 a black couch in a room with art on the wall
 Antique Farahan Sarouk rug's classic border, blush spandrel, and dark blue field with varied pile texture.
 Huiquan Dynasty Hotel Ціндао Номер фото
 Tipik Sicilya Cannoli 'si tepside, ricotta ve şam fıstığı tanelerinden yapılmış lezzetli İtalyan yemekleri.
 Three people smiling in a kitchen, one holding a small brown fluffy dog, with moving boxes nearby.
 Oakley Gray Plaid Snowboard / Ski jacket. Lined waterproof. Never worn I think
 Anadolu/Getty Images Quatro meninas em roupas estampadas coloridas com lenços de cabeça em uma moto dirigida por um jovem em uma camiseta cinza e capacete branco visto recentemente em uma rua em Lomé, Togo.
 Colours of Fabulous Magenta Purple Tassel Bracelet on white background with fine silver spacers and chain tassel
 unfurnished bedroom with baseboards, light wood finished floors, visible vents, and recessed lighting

*Assignment*
Return, without any change, the lines from the one holding "Colours of Fabulous" through the end of the listing, and only those.

*Problem solution*
 Colours of Fabulous Magenta Purple Tassel Bracelet on white background with fine silver spacers and chain tassel
 unfurnished bedroom with baseboards, light wood finished floors, visible vents, and recessed lighting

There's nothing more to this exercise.